Should You "Get Approval" For Tweets During A Crisis?

By now, you may have heard about the controversial tweets Cee Lo Green—the Grammy Award-winning singer and former host of NBC’s The Voice—sent after pleading no contest late last month to a disturbing charge leveled against him.

According to MTV, Green “entered a plea of no contest for the felony count of furnishing a controlled substance of MDMA/ecstasy to a woman without her awareness during a dinner in 2012.” MTV’s report continues:

According to the Los Angeles District Attorney’s Office, Green slipped the drug to a 33-year-old woman while the two were at a restaurant…the woman, who hasn’t been named, alleged that she woke up to find herself naked in bed with Green in her hotel room.”

Cee Lo Green

Green would have had enough of a challenge restoring his reputation after pleading no contest to drugging a woman and being accused of rape.

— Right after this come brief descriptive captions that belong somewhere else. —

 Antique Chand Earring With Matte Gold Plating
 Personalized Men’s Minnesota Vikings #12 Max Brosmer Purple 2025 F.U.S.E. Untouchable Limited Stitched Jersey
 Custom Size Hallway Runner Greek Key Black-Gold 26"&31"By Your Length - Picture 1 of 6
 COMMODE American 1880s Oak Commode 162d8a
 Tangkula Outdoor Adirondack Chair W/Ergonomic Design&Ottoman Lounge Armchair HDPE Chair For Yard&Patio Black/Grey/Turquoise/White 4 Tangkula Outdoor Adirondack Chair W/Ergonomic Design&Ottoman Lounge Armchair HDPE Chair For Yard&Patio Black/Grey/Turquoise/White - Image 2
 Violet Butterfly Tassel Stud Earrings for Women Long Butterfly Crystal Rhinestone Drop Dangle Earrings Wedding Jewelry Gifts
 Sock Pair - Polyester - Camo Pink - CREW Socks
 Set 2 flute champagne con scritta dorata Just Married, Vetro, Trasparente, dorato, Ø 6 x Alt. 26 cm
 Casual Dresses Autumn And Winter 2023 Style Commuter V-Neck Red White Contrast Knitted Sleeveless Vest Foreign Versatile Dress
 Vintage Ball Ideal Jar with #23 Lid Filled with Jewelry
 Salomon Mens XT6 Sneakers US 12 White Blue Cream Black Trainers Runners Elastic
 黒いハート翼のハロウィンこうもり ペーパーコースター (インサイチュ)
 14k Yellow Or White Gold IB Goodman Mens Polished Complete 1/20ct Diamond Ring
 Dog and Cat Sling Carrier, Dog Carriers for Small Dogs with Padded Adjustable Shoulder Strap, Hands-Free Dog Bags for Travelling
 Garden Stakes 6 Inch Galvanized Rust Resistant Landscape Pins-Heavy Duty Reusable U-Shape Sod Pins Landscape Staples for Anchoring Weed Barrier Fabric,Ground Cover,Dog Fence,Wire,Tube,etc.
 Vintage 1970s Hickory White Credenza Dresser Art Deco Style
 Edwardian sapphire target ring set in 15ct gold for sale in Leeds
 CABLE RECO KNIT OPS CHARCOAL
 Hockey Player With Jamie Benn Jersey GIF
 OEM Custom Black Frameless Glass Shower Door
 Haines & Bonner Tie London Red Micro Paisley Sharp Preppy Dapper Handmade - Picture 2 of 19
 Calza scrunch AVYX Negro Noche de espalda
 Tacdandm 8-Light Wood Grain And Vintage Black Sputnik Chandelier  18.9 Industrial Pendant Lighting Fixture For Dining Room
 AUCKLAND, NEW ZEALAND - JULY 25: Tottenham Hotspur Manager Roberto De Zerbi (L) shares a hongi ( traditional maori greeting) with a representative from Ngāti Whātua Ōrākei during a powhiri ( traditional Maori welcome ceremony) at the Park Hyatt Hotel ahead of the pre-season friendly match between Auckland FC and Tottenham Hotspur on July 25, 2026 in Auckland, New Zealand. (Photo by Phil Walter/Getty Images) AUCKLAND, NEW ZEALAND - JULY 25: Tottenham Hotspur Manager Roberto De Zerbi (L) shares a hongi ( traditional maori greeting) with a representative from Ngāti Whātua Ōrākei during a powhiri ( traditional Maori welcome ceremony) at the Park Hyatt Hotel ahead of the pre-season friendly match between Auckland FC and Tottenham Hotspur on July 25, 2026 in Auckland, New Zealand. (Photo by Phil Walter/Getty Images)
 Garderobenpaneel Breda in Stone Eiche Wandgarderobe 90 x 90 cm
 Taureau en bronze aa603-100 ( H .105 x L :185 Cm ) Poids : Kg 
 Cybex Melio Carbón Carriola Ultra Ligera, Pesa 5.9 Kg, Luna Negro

But the tweets he sent last week—particularly the one below that Green quickly deleted but other Twitter users shared—turned a tough crisis management issue into a career-threatening one:

Cee Lo Raped Remember

 

In this tweet captured by BuzzFeed, Green reinforced that view, appearing to suggest that a woman who is drugged cannot, by definition, be raped.

Cee Lo Green Rape Tweets

 

Green later apologized, but in a manner that tried to distance himself from his words (the comments weren’t “attributed” to him—he made them).

Cee Lo Apology

Green has paid a heavy price since this controversy erupted. His reality show on TBS, The Good Life, was canceled. He was also removed from the lineup at a Louisiana music festival and from another concert sponsored by the U.S. Navy.

All of that gets me back to the headline of this post, which asks this question: Should you “get approval” before tweeting or posting to social media when you’re immersed in a crisis?

By approval, I don’t mean that you have to obtain approval from some central authority, but rather that you form a voluntary agreement between yourself and someone else—a manager, an agent, a spouse, a trusted business partner—that you won’t post anything on social media until you receive and consider their feedback.

Had Green done that, any manager, agent, or partner should have had the sense to tell him to sign off and walk away for a while. Instead, he tweeted in the heat of emotion, when his rational brain didn’t prevent him from compounding his original acts of terrible judgment.

My suggestion for those who find themselves in crisis mode? Don’t post anything to social media without seeking the opinion of a trusted ally first.

Cee Lo doesn’t have to listen to me. It’s just too bad he didn’t listen to his own lyrics from his hit song “Crazy”: “Think twice, that’s my only advice.”